8 thoughts on “FAA-AST”

  1. Jim Bennett’s idea of a Space Guard is looking better all the time. Get the non-warfighting aspect of space (like debris tracking) out of the Air Force, get the non-research aspect out of NASA, get launch licensing out of the FAA, consolidate all these mundane space ops in one quasi-military agency similar to the Coast Guard. Hell, there’s even enough pork in this realignment to satisfy more than half of Congress.

  2. If, for some reason, Congress felt they would not be able to provide that increase, then we’d be in a position where we’re going to need to prioritize what’s on our plate, and do the best that we can to keep up,” he said.
    Nield warned that such prioritization could result in delays in processing launch license applications or other oversight work. “That may mean some of the companies won’t be able to have the launch schedules that they’re hoping for, or get a quick turnaround on their licenses,” he said.

    This is worrisome, but not for the lack of additional funding.

    Now I don’t interact with the FAA-AST, so I don’t have knowledge of what value they may provide to launch companies, but my understanding is their launch license gating function is not a service for industry so much as a “protection” for the non-involved public.

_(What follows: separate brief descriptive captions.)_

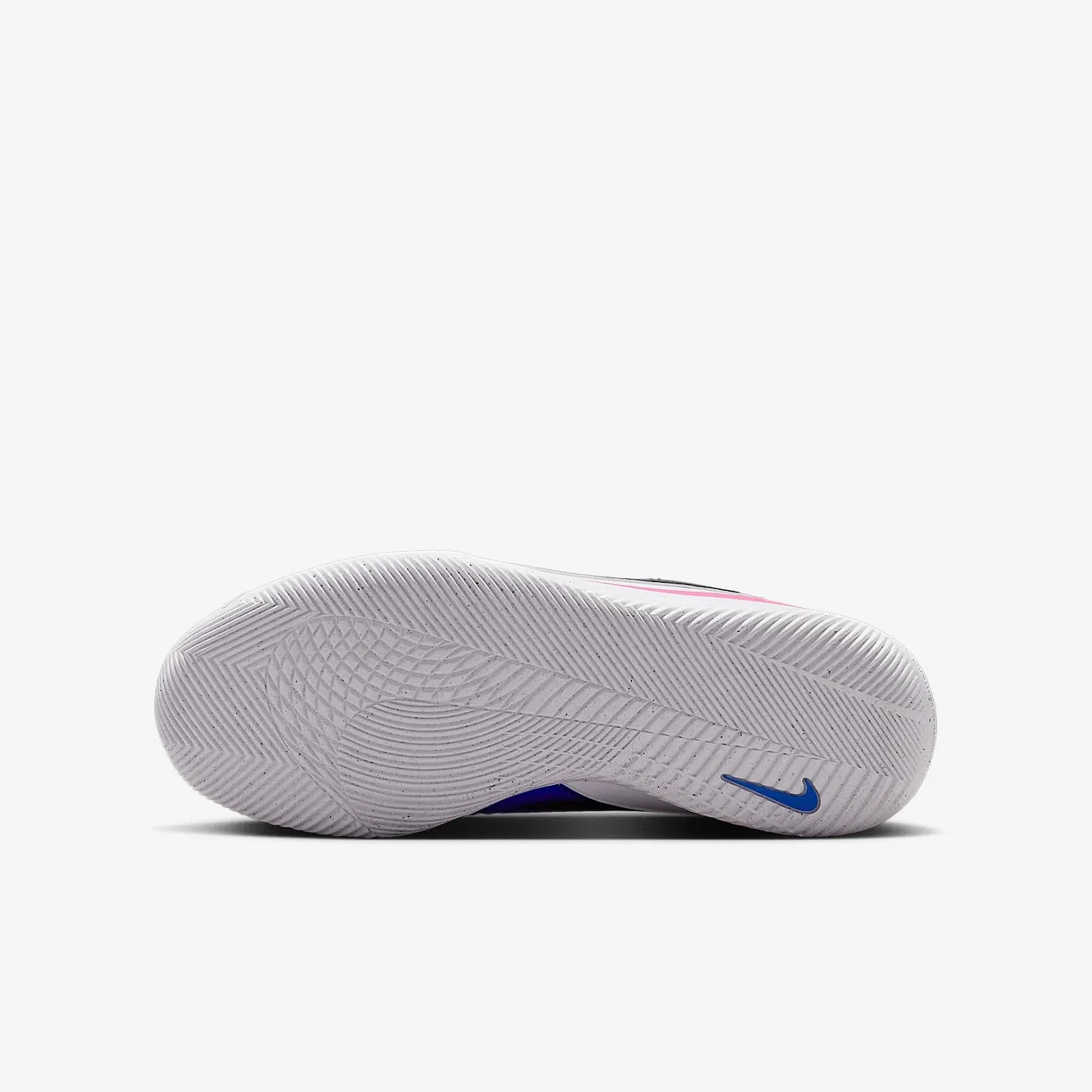 Футбольне взуття Nike Jr Phantom 6 Low Club Ic для дітей, унісекс, фото №2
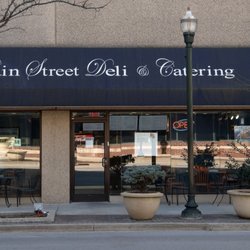 Main Street Deli & Catering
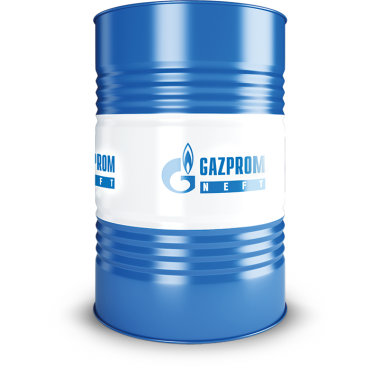 Масло редукторное Gazpromneft Reductor CLP 100 (183 кг, 205 л.)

    That, when faced with an increasing demand and a steady budget, their recourse is to threaten they will ration licensing and prioritize launches rather than consider to reduce the amount of oversight per license application demonstrates a dangerous inclination of the office (and/or those in charge). Whatever prioritization criteria they use, it will almost certainly be tied to some ambiguous, manipulable, social good. I doubt that they have data which makes the cost (and costs to industry in compliance) of their organization’s work traceable to any quantified and *necessary* benefit. By necessary I mean that industry couldn’t perform launches without it (for technical rather than political reasons) and that no entity but the government can provide it. I’m pretty sure that with the years of licensing they’ve done, and to my knowledge no catastrophes in which non-involved 3rd parties were damaged, their current process more than bounds whatever may be necessary to secure “safety” to the public. There is almost certainly room to shave down those licensing requirements, and thus the requirement for oversight manpower per license application (leaving aside any question of the necessity of launch licenses).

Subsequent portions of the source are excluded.